His copper plates were sold or lent to Parisian printer André Wechel who also prepared two editions, a Latin one in 1564 and a French edition in 1569. The Latin edition appeared under the title Anatomes totius aere insculpta delineatio. In 1565 he printed a second edition.

The illustrations are also on separate plates. One of the most remarkable plates is an illustration of Adam and Eve at the beginning of the book. The book is somewhat between an abstract and a compendium. Because of the high number of plates, it was more accessible to the non-specialist.

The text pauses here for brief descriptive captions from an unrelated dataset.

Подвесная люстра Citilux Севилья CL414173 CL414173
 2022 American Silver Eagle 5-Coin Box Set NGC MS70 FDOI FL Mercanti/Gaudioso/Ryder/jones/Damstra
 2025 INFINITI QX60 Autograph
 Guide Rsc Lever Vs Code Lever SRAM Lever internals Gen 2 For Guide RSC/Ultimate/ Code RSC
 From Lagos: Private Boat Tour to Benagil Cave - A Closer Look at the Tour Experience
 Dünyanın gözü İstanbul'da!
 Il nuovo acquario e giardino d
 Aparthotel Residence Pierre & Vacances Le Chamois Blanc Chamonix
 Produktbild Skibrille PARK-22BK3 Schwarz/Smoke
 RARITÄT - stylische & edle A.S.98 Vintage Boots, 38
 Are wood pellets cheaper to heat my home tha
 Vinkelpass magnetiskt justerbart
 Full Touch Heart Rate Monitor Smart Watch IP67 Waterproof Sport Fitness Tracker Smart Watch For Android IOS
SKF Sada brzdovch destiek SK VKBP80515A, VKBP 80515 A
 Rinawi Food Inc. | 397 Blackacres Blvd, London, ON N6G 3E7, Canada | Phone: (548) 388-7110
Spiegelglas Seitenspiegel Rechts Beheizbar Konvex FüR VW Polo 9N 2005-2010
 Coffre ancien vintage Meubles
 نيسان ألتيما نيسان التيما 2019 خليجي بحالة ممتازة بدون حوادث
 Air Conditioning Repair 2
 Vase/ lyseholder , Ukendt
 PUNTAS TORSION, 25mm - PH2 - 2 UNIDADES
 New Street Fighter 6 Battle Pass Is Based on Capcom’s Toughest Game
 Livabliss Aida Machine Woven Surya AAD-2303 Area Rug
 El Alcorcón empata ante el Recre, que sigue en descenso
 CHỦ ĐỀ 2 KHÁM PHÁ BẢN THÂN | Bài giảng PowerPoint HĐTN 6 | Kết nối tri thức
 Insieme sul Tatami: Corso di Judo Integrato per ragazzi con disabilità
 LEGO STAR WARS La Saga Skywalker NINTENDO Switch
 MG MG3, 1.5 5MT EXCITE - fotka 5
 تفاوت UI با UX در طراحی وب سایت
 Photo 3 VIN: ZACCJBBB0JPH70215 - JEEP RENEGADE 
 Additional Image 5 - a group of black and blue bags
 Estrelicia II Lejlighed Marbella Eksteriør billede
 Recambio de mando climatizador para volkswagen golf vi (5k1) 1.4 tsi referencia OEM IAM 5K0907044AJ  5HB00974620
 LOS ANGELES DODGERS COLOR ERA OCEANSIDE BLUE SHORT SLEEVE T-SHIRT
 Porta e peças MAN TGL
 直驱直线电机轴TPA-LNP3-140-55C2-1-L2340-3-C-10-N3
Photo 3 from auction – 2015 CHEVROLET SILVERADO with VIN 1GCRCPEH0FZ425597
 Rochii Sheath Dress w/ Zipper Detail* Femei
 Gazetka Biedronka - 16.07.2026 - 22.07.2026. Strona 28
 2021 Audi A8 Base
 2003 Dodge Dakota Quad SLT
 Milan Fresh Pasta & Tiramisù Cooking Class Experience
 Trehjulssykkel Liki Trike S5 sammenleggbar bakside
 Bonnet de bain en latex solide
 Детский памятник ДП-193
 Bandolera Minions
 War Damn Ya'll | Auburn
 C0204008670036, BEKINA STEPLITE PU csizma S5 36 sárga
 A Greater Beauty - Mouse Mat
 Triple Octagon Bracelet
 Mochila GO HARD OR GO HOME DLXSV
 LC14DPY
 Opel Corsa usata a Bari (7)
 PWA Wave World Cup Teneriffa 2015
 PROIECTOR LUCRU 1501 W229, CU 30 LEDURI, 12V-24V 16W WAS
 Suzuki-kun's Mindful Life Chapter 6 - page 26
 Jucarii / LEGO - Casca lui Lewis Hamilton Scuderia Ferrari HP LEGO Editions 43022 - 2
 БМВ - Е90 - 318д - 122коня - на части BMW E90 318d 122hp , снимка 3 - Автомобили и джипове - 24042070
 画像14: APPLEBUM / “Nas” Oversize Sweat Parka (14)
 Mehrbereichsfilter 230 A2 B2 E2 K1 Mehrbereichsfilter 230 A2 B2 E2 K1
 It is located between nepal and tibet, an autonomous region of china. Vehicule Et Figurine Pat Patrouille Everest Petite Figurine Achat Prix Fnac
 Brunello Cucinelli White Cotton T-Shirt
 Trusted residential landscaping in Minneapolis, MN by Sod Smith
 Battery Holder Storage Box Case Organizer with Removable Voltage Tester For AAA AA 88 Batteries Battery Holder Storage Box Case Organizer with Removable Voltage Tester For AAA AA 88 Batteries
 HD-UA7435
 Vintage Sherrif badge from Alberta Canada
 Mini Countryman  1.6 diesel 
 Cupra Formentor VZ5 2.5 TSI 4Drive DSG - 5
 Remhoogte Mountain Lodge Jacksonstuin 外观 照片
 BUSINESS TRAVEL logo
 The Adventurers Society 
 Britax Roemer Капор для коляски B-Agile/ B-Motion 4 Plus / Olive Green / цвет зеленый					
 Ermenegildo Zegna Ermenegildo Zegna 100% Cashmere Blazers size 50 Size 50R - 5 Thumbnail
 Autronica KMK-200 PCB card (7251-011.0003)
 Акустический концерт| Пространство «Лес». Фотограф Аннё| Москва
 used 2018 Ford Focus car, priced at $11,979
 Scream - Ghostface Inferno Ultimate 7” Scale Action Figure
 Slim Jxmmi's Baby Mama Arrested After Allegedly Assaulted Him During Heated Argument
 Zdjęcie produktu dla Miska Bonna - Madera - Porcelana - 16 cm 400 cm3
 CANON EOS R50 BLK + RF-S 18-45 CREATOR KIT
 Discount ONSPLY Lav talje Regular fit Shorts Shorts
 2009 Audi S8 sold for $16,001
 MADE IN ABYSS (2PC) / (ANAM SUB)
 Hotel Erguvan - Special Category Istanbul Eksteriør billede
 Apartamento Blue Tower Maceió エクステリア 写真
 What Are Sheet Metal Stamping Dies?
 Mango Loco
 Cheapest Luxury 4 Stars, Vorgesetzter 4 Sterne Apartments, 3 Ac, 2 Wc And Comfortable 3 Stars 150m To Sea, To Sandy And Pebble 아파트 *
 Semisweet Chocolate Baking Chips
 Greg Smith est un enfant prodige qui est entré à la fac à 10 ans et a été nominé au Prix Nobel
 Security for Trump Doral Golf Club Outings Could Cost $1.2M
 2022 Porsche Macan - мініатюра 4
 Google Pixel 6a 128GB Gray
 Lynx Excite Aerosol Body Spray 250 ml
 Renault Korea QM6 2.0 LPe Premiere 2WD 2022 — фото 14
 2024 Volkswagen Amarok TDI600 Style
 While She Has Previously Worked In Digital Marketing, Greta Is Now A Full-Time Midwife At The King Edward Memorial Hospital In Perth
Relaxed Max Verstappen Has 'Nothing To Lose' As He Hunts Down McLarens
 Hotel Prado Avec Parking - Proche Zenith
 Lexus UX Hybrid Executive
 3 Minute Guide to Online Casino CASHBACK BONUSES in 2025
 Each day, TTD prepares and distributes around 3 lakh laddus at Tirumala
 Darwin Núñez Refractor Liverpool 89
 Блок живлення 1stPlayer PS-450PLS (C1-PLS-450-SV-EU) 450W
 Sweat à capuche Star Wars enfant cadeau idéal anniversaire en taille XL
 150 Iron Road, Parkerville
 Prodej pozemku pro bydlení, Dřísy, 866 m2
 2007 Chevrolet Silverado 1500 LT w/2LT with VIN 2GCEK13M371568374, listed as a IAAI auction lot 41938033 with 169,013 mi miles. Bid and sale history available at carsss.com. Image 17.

Many of the illustrations were simplified versions of Vesalius's original work. The remarkable landscapes behind the dissected bodies, once so prominent, disappeared. The watermarks of the first Wechel edition (1654) may have been from London. That would most likely mean that the sheets were printed in London and transported to Paris. However, the second edition also contains this watermark of a gauntlet and a star. The precise details remain unknown. One possibility is that Geminus sold the printed sheets instead of the plates.